It’s not an understatement to call The Joker the greatest comic-book character of all time, at least in my opinion. What Batman lacks in personality, Joker makes up for in spades, not only that, but because of this character we’ve had some of the greatest portrayals of superhero cinema; names such as Jack Nicholson, Mark Hamill, and, of course, Heath Ledger have all stepped up to the character, and each left their own mark.
Having said all that, it’s fair to say that Joker is not your typical comic-book affair, it occupies such a completely different space to most superhero films, that you could be forgiven for not recognising it as such.
On top of being an exciting, fresh take on the Joker character, this film also had a lot of critical buzz coning out of the Venice Film Festival, where it won the Golden Lion award for Best Film, starting a steady Oscar buzz for both the film and its leading man.
But, with such a lineage of actors and stories to live up to, can Joker really live up to the hype?
Charting the dark descent into madness of Arthur Fleck, as he goes from aspiring stand-up to raging sociopath.
It’s sometimes really hard to write a story synopsis for these reviews, especially when the story itself may be more abstract, as it is here, it’s a complex and mentally exhausting story, anchored by a traumatic character study.
There will be a lot of talk surrounding where Phoenix stands amongst the portrayals of the iconic character, but I believe that to be counter-productive. Although there is plenty we recognise of the Joker, it’s a completely different character to what we’re used to.
Firstly, it commits the cardinal sin of giving the Joker an origin story, whereas this would be unforgivable in most cases (one of the Jokers great draws is the mystery surrounding him) in a film such as this, which shares no continuity with any established universe, it only enhances the character presented.
I’d say that the film is very reminiscent, in presentation at least, of classic Martin Scorsese films like Taxi Driver or King of Comedy, there is a lot of Travis Bickle about Arthur, in my opinion, and it’s gritty realisation of a city gone to hell reminds me of how Scorsese portrayed New York in his classic films.
There’s a lot about Joker that sets it apart from many of its counter-parts.

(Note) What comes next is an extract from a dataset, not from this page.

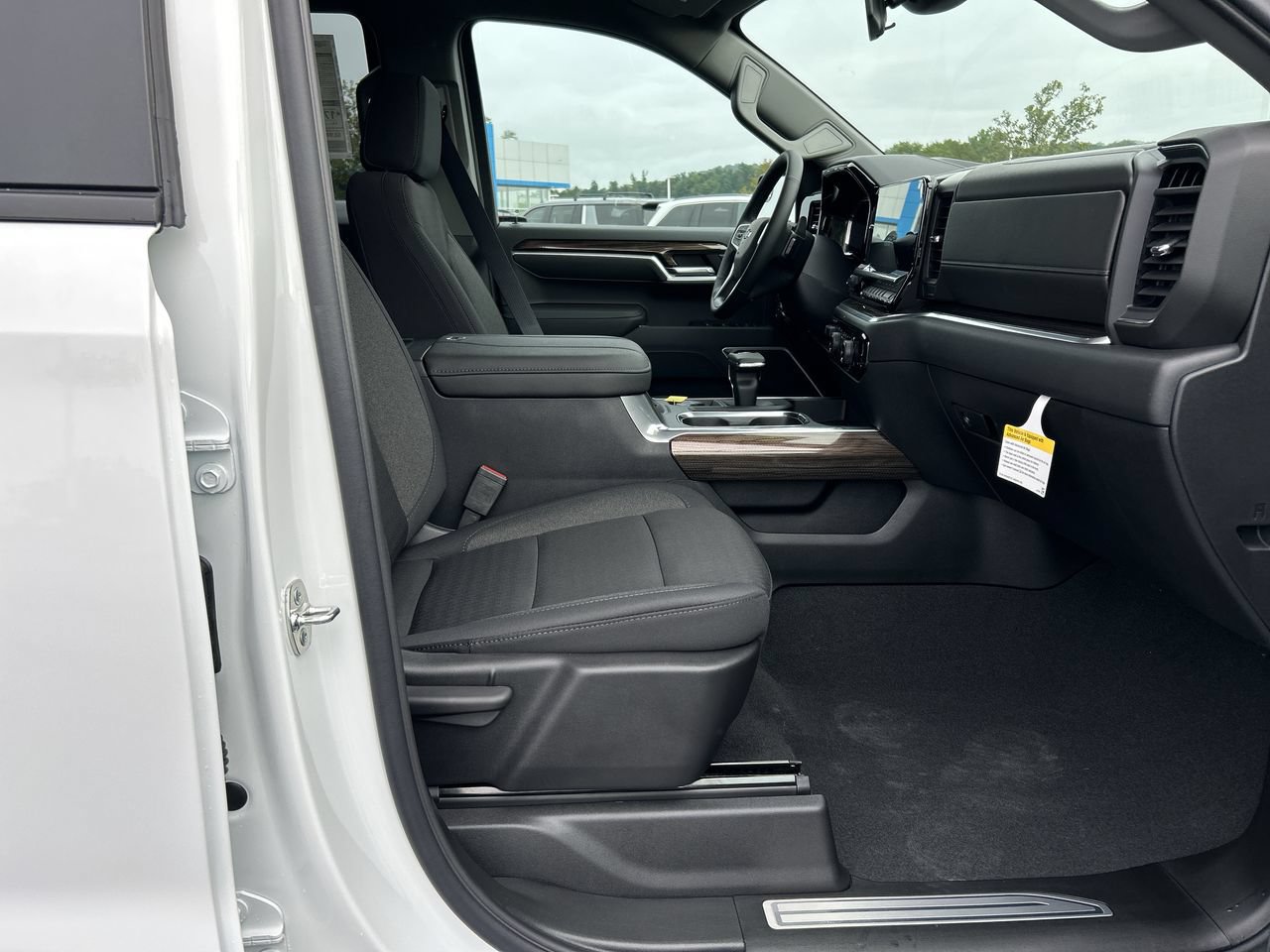 New 2026 Chevrolet Silverado 1500 RST w/ Redline Edition AWD/4WD image 15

It hasn’t got any character you could look upon as a ‘hero’ even though Arthur is sympathetic in parts, his actions make him alienating and confrontational, there’s very little redeeming about him, yet his character is so engrossing that you can’t tear your eyes away.

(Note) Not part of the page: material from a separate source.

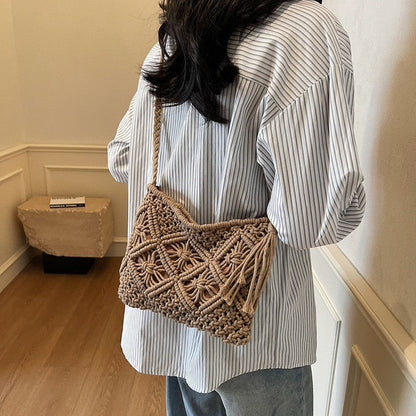 Knitted Bag Women'S 2025 New Fashion Versatile Shoulder Messenger Bag Casual High-End Woven Straw Bag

Speaking of characters, Joaquin Phoenix proves here why he is one of his generations best actors, with a performance that garnered a lot of buzz from the off, a buzz that is richly deserved by the way, he didn’t approach it as a typical superhero film, and it shows in his performance, which is as enthralling as it is completely terrifying.
The way it plays with your mind has an almost horror film feel, it creeps in and unnerves you with its portrayal of people at the very end of their rope and a city in chaos, its tense atmosphere sits over you like a layer of cling film, and it’s leading character becomes less and less empathetic as time goes by.
In short, there has never been anything quite like this film in comic book cinema before, it’s daring, it’s provocative, and it delivers an experience as genuinely unnerving as most horror films, and a leading performance which, by rights, should be hoovering up awards come the new year.
An absolute home run by everyone involved in delivering something that feels so fresh and new, with a character we’ve seen in several incarnations throughout the years. It’s staggering beauty is juxtaposes by the ugliness of its world and characters, and as a whole, it is absolutely fantastic.
In conclusion, this represents a new step into the unknown when it comes to uncovering a new sub genre within the comic book world; but I would warn against going back to the well, it stands on its own as an outstanding character drama, it doesn’t need revisiting, its legacy will one day speak for itself.